As part of a fleet detachment with Gnevny and the tanker Ilim under the flag of squadron commander Kontr-admiral Vladimir Varganov, she visited Vancouver, Canada from 25 to 30 August 1976, being open to public viewing. The visit was part of an exchange program that was reciprocated by the visit of Canadian warships to Leningrad later that year, although anti-whaling and anti-Soviet demonstrations were made against the ships; the visit was the first since 1944. With a detachment of warships and in cooperation with anti-submarine aircraft she participated in anti-submarine exercises on 26 August 1977. Alongside Admiral Senyavin, the cruisers Vasily Chapayev and Admiral Fokin, destroyers Strogy and Bozbuzhdenny, and the frigate Razyashchiy, she supported Vietnam during the Sino-Vietnamese War between February and March 1979. Operating in the South China Sea, the ships intercepted Chinese battlefield communications and passed them on to Vietnamese forces.

=== 1980s and end of service ===
Transferred to the 201st Anti-Submarine Warfare Brigade in 1982, Sposobny twice operated in the Sea of Japan that year, tracking American ships. Between 9 and 13 June 1983, with a fleet detachment of the 8th (Indian Ocean) Operational Squadron that also included the frigate Grozyashchiy and the tanker Pechenga under the flag of squadron commander Kontr-admiral Gennady Semyonov, she made an official visit to Colombo, Sri Lanka. The destroyer operated in the South China Sea and Indian Ocean in 1985, receiving an excellent rating for her performance.
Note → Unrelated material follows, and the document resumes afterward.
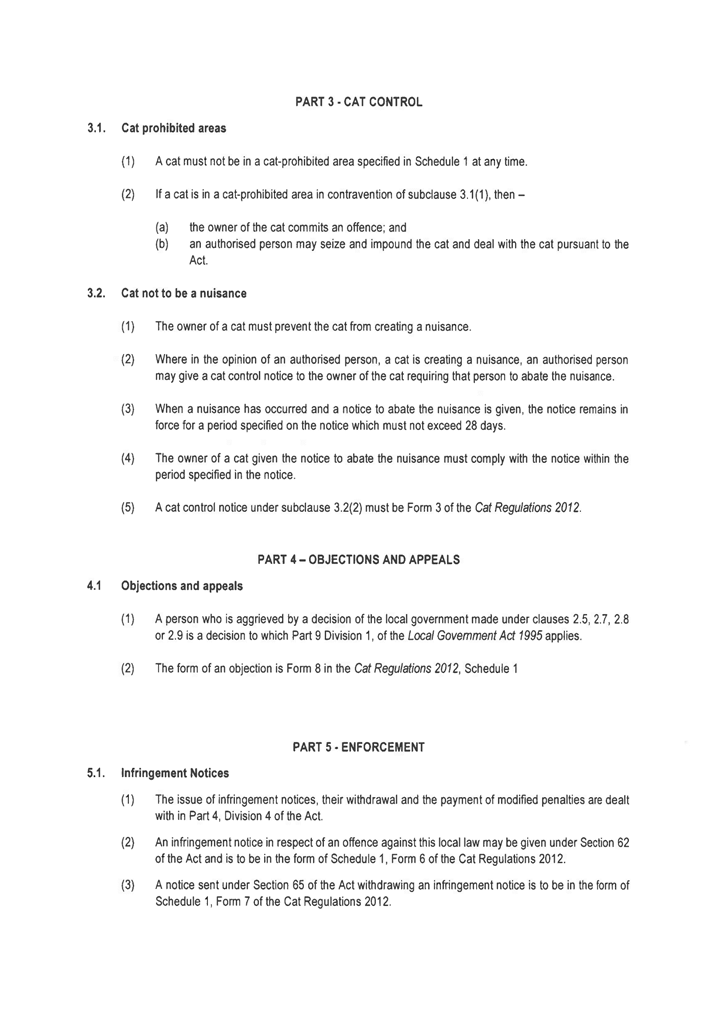 A paper with text on it

Description automatically generated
On 16 July 1987, she was temporarily transferred to the Black Sea Fleet and on 30 July delivered to the Sevastopol Marine Plant for repairs and modernization as prototype for Project 01090 prior to transfer to the Northern Fleet. As the work began, the design for the modernization was changed to Project 01091. The modernization was to be completed by 30 September 1989, and differed only from the Project 01090 modernization of her sister ship Smetlivy in that she was to receive experimental nonacoustic submarine detection equipment instead of the Kaira sonar that Smetlivy was given. To provide space for the equipment the aft gun turret was to be removed and the complex was to be installed at the stern helicopter pad, with two sponsons for lowering towed antennas. The modernization was 70% complete by the fall of the Soviet Union.
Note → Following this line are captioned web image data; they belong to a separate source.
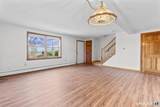 316 High Road - Photo 6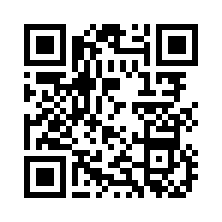 QR Code for 1L5WRuZBs6sf4c6kZGSgYsDLuAPvzc9njJ
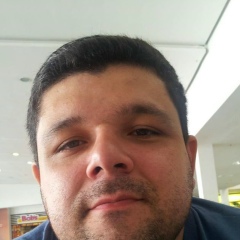 George Lopes, 29.01.1985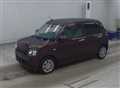2020 Daihatsu Mira Tocot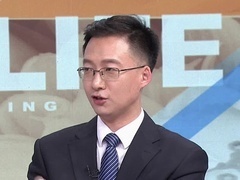 谁惹痛了您的肩部？如何缓解？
Due to the fall of the Soviet Union, the modernization was not completed, and on 29 October 1992 the transfer to the Black Sea Fleet was made permanent. This followed an unsuccessful Ukrainian attempt to raise the Ukrainian flag over the ship on 3 July after the crew took the oath of allegiance to Ukraine; the ship remained under Russian control. She was removed from the Navy list on 6 January 1993, and to pay off the navy's debts to the shipyard she was transferred to the ownership of the Sevastopol Marine Plant. Relocated from the North Dock to Yuzhnaya Bay to remove weapons and equipment, she was stripped by 20 November, when the crew was disbanded and the ship became property of the plant. The hull was sold to an Indian company for scrapping and was towed away from Sevastopol on 2 April 1995.

During her career, Sposobny was assigned the temporary tactical numbers 522 (in 1971), 109 (in 1973), 547 (in 1982), 544 (in 1982), and 578 (in 1987).